Notice of Pre-AIA  or AIA  Status
The present application, filed on or after March 16, 2013, is being examined under the first inventor to file provisions of the AIA .

Claim Rejections - 35 USC § 112
The following is a quotation of the first paragraph of 35 U.S.C. 112(a):
(a) IN GENERAL.—The specification shall contain a written description of the invention, and of the manner and process of making and using it, in such full, clear, concise, and exact terms as to enable any person skilled in the art to which it pertains, or with which it is most nearly connected, to make and use the same, and shall set forth the best mode contemplated by the inventor or joint inventor of carrying out the invention.

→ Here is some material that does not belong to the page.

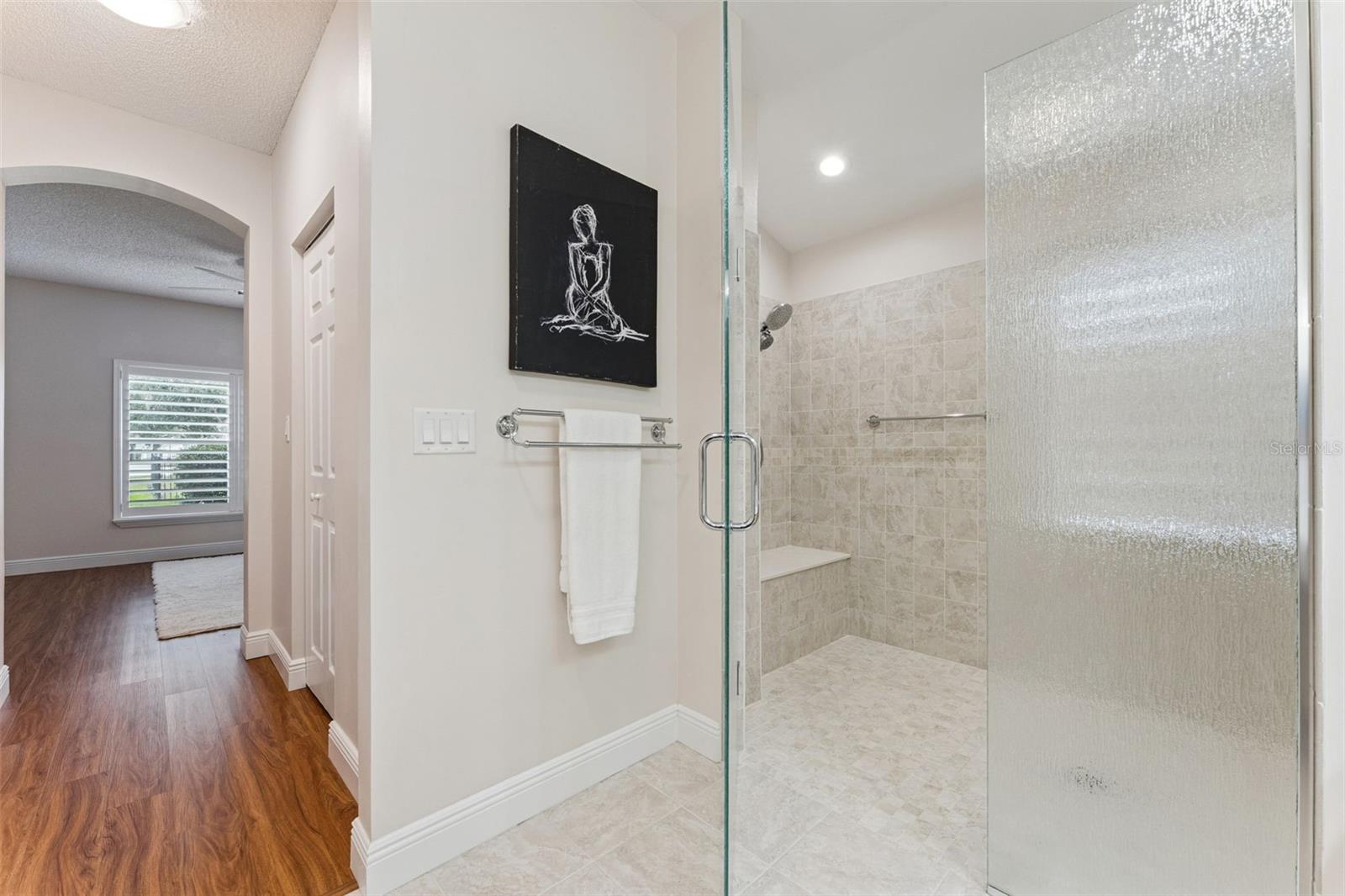 Primary Bathroom walk-in shower w/ bench seat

The following is a quotation of the first paragraph of pre-AIA  35 U.S.C. 112:
The specification shall contain a written description of the invention, and of the manner and process of making and using it, in such full, clear, concise, and exact terms as to enable any person skilled in the art to which it pertains, or with which it is most nearly connected, to make and use the same, and shall set forth the best mode contemplated by the inventor of carrying out his invention.

Claim 3 is rejected under 35 U.S.C. 112(a) or 35 U.S.C. 112 (pre-AIA ), first paragraph, as failing to comply with the written description requirement. The claim(s) contains subject matter which was not described in the specification in such a way as to reasonably convey to one skilled in the relevant art that the inventor or a joint inventor, or for applications subject to pre-AIA  35 U.S.C. 112, the inventor(s), at the time the application was filed, had possession of the claimed invention.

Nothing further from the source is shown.